Abstract

We investigate Tukey’s One Degree of Freedom test for non-additivity (interaction) when there is only one entry per cell in the 2-way anova design. Following the logic and presentation by Milliken and Johnson (1989), we solve the problem for the sorghum dataset using R and then simplify and re-solve the problem using the R package dae (Brien, 2016).

Introduction

We investigate Tukey’s One Degree of Freedom test for non-additivity (interaction) when there is only one entry per cell in the 2-way analysis of variance (anova) design. We draw largely upon two sources: (1) Analysis of Messy Data Volume 2 Nonreplicated Experiments (Milliken and Johnson, 1989, pp 2-12); and (2) an unauthored PDF from the Univeristy of New Brunswick, “Notes on Tukey’s One Degree of Freedom Test for Interaction” found on the Web: http://www.math.unb.ca/~rolf/Courses/07w/3373/notes-tukey1df.pdf. Source (1) (Milliken and Johnson) solves the problem for the growth rate of sorghum plants using SAS. Source (2) solves the problem using Minitab.
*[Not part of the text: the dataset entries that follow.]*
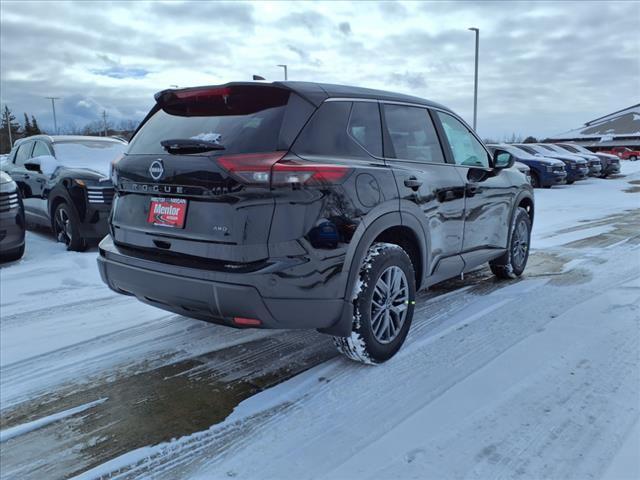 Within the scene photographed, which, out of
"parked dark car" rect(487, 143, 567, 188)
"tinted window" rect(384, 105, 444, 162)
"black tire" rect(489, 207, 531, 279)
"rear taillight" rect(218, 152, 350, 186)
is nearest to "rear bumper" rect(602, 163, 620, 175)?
"parked dark car" rect(487, 143, 567, 188)

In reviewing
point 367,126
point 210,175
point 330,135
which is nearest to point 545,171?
point 367,126

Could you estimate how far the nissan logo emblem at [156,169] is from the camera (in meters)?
3.06

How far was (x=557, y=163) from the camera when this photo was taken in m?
17.6

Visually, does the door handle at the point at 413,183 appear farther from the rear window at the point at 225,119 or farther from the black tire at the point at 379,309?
the rear window at the point at 225,119

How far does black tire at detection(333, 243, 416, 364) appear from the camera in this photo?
3.16 metres

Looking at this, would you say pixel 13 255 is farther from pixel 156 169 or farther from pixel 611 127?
pixel 611 127

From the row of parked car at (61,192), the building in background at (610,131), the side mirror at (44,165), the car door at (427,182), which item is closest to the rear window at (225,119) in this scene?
the car door at (427,182)

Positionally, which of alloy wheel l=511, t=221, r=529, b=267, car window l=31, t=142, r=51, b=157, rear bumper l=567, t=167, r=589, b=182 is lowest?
alloy wheel l=511, t=221, r=529, b=267

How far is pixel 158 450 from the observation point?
8.35 feet

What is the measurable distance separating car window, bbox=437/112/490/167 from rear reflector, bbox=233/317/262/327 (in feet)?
7.64

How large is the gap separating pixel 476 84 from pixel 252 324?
86.4 ft

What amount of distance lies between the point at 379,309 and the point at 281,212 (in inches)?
40.2

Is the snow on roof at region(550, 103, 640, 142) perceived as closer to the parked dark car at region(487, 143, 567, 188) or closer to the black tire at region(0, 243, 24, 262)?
the parked dark car at region(487, 143, 567, 188)

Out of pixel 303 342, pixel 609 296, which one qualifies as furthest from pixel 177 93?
pixel 609 296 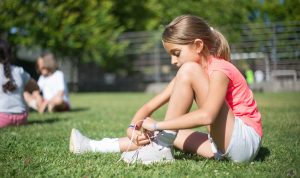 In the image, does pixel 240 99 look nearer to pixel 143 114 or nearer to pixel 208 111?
pixel 208 111

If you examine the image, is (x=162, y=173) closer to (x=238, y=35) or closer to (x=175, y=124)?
(x=175, y=124)

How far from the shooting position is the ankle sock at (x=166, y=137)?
336cm

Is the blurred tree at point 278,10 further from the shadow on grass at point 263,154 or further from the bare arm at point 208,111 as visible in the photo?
the bare arm at point 208,111

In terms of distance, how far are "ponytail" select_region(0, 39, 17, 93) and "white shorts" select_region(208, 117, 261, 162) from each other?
3.52 meters

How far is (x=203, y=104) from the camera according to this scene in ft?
10.6

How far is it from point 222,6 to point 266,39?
316 inches

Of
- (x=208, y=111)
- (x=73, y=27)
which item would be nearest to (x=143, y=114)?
(x=208, y=111)

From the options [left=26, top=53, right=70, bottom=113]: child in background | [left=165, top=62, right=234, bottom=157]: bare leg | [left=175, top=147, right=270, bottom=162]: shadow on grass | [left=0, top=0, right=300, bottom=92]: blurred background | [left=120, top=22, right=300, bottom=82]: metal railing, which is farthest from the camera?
[left=0, top=0, right=300, bottom=92]: blurred background

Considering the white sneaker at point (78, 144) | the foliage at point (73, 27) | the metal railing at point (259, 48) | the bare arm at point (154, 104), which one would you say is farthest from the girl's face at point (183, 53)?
the foliage at point (73, 27)

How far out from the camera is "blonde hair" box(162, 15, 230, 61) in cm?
338

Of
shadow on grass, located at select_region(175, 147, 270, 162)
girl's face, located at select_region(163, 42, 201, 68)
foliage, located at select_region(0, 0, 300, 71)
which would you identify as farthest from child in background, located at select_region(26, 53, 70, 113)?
foliage, located at select_region(0, 0, 300, 71)

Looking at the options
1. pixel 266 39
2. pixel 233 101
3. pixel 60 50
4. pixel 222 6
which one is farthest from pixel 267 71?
pixel 233 101

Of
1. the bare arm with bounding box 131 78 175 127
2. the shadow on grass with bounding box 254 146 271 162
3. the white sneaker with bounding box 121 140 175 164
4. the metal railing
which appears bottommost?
the metal railing

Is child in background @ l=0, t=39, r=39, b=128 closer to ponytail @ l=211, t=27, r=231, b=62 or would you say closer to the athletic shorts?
the athletic shorts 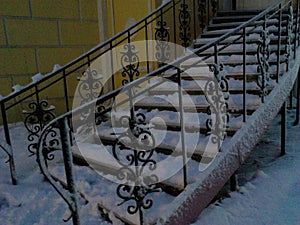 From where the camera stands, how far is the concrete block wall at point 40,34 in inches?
129

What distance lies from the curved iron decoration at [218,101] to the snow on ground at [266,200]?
53 cm

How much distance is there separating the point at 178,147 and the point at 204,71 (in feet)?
4.42

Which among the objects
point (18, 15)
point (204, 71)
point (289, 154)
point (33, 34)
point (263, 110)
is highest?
point (18, 15)

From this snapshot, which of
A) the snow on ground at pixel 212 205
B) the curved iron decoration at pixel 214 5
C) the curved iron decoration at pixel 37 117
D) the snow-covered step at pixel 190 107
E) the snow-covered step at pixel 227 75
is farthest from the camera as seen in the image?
the curved iron decoration at pixel 214 5

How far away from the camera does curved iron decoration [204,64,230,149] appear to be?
1978mm

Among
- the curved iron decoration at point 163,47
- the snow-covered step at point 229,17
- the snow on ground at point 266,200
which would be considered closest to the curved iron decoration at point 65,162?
the snow on ground at point 266,200

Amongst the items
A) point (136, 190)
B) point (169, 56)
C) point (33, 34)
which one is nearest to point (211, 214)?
point (136, 190)

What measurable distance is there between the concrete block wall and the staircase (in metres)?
1.02

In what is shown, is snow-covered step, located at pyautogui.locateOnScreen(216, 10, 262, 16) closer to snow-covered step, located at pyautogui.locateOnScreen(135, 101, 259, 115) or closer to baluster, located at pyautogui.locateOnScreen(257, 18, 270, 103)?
→ baluster, located at pyautogui.locateOnScreen(257, 18, 270, 103)

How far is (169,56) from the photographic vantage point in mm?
4023

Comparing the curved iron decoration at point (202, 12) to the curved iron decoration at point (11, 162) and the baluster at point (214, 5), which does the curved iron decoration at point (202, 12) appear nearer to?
the baluster at point (214, 5)

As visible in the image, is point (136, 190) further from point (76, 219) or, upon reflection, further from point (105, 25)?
point (105, 25)

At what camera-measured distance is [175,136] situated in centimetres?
237

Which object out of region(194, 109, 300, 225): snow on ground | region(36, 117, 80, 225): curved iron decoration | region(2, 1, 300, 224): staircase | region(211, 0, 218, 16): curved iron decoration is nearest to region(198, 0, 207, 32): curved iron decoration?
region(211, 0, 218, 16): curved iron decoration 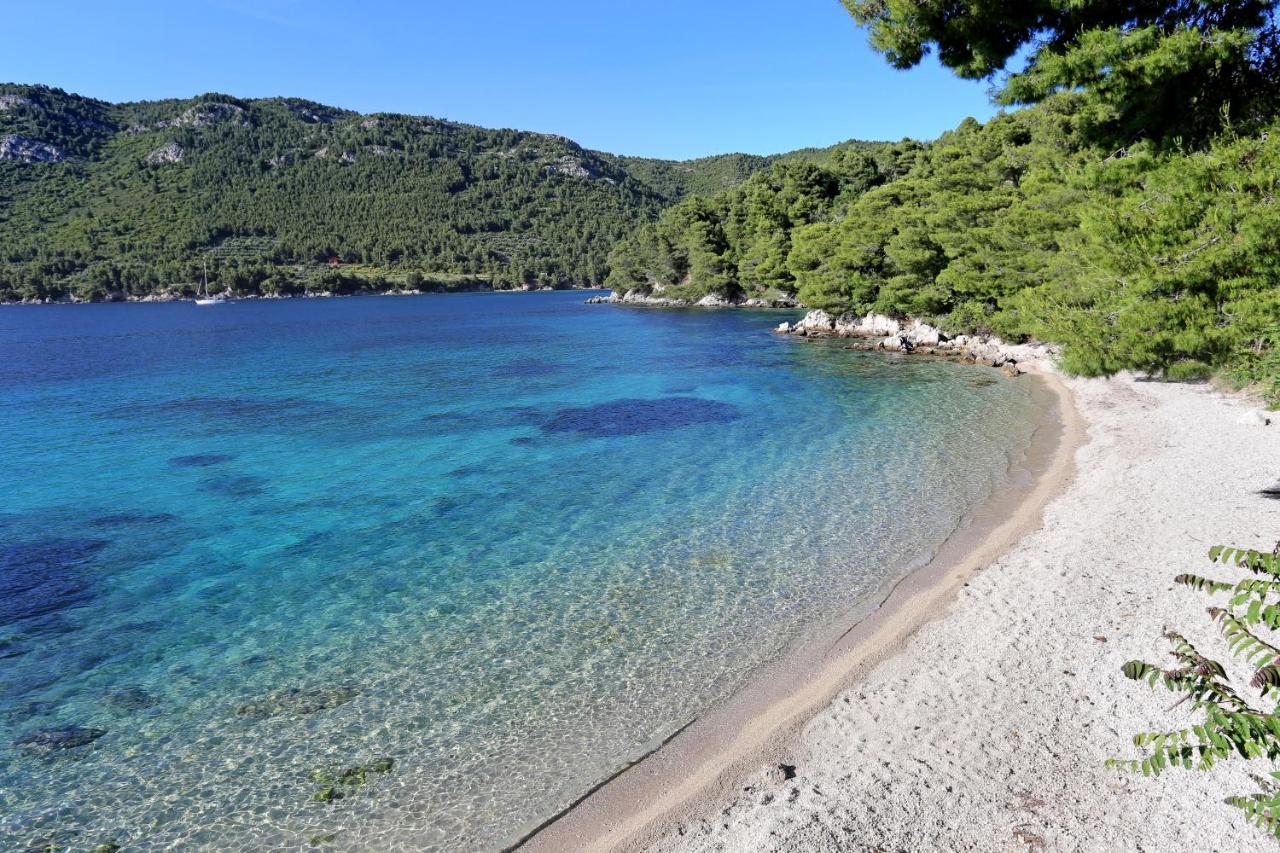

Following the general logic and presentations found in sources (1) and (2), we analyze and solve the problem for the same sorghum dataset using R. We then show how to simplify the analysis and re-solve the problem using the dae package (Brien, 2016) in R.

The sorghum data

Following the presentation given by Milliken and Johnson (1989, pp 2-3), suppose an investigator has 20 growth chambers and wishes to study the effects of five temperature levels in combination with four humidity levels on the growth rate of sorghum plants. The investigator places 10 sorghum plants of the same species in each of the 20 growth chambers and assigns the Temperature \(\times\) Humidity combinations randomly to the 20 chambers. After the sorghum plants had been growing for four weeks, the average (mean) height of the ten plants for each chamber was recorded. The sorghum data are shown in Table 1.

Table 1: Mean Height of Sorghum Plants

Humidity (%)
Temperature (F\(^{\circ}\)) 20% 40% 60% 80%
50 F\(^{\circ}\) 12.3 19.6 25.7 30.4
60 F\(^{\circ}\) 13.7 16.9 27.0 31.5
70 F\(^{\circ}\) 17.8 20.0 26.3 35.9
80 F\(^{\circ}\) 12.1 17.4 36.9 43.4
90 F\(^{\circ}\) 6.9 18.8 35.0 53.0

General analysis

How should we set up a statistical model for this 2-way design with one entry per cell? There are two factors “T” (Temperature) and “H” (Humidity), which correspond to the 5 rows and 4 columns in Table 1.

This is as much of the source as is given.